Table of Contents

Introduction

While I am working on my pet password manager project (pmanager) a problem is quickly arised where I needed to store username and password pairs in a reliable manner. I could not make any assumptions about where I exactly store and retrieve data. For instance I can’t say something like “this and that entries will always be stored and retrieved in this place in the file”. This approach would not be dynamic. I could use a SQL database and it would make a lot of sense because with it, I could retrieve and store username and password pairs regardless of where it is in the database. For instance I can write a query like “SELECT * FROM ENTRIES WHERE domain=’twitter.com’” and this would bring all username and password pairs regarding “twitter.com”. But this would introduce a whole new dependency to the system like PostgreSQL and would make the project more complex than I like. I could use an encrypted JSON file and retrieve username password pairs like that but it would not ensure the integrity of the data inside. So I set out to write my own key value database which would support the features that I needed (Get, List, Insert, Update, Delete) while ensuring that the data inside is not corrupted.
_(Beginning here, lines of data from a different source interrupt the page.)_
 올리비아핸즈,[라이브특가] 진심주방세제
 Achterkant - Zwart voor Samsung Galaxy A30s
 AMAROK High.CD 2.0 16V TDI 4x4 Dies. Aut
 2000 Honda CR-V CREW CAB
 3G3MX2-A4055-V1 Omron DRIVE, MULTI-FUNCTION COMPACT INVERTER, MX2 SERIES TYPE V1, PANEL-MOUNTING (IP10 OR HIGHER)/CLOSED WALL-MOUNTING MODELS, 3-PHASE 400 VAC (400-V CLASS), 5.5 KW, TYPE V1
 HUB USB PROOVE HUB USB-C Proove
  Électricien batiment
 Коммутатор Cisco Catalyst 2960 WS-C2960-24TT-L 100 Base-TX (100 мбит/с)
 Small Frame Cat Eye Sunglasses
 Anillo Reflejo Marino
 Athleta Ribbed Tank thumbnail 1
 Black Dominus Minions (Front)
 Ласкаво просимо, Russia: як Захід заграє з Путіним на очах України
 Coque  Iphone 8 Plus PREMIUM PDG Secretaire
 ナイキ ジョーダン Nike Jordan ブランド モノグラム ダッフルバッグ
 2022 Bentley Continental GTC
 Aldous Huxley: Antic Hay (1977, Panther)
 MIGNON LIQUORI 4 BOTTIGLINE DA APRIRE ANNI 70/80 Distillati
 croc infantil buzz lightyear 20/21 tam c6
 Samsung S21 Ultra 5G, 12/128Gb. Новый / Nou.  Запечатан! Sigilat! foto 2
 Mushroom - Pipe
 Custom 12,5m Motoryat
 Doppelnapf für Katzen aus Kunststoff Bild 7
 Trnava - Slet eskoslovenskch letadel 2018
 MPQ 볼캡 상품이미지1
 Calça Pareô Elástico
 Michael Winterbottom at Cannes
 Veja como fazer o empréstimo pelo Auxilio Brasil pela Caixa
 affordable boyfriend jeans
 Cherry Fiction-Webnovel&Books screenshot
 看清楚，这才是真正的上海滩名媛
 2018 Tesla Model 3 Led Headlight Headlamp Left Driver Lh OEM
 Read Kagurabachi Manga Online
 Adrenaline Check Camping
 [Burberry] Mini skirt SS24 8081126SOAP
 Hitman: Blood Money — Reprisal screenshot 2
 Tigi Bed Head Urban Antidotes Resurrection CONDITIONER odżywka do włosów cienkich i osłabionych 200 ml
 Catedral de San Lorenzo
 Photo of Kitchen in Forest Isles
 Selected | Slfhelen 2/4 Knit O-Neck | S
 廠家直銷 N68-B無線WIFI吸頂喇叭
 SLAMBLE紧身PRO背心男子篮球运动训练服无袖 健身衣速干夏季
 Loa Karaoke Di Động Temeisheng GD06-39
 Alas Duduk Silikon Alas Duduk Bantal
Which turned out to be more fun to implement than other alternatives, I ended up using an encrypted and slightly modified version of this database for my project. (Which will be released soon.)

Why With Rust ?

While I was working on another pet project of mine to teach myself about the inner workings of a shell program by implementing one (with C) (minsh) I was quickly introduced with the concept of memory leaks. After I ran my program I noticed an unnecessary amount of memory usage after investigating this issue using valgrind (checks memory allocation and de-allocation routines.) I noticed that I was not de-allocating some of the memory I was using. While debugging and mitigating this issue was a good learning experience, I did not want give too much attention to the problems that are not directly related to the problem that I want to solve.

Many programming languages solves this issue with a runtime environment. Java uses a garbage collector which tracks memory and free’s the parts of the memory which no longer used by the program. Which is a solid and field tested approach but this operation is done on runtime which comes with an extra performance penalty.

Rust solves this issue rather cleverly. Rust’s compiler ensures that every allocated memory is dropped when its no longer used. It does this with an ownership system. It calls drop implicitly when a related data goes out of scope. The advantage of this apporach is that there is no runtime penalty anymore. So it runs fast as C while ensuring memory safety.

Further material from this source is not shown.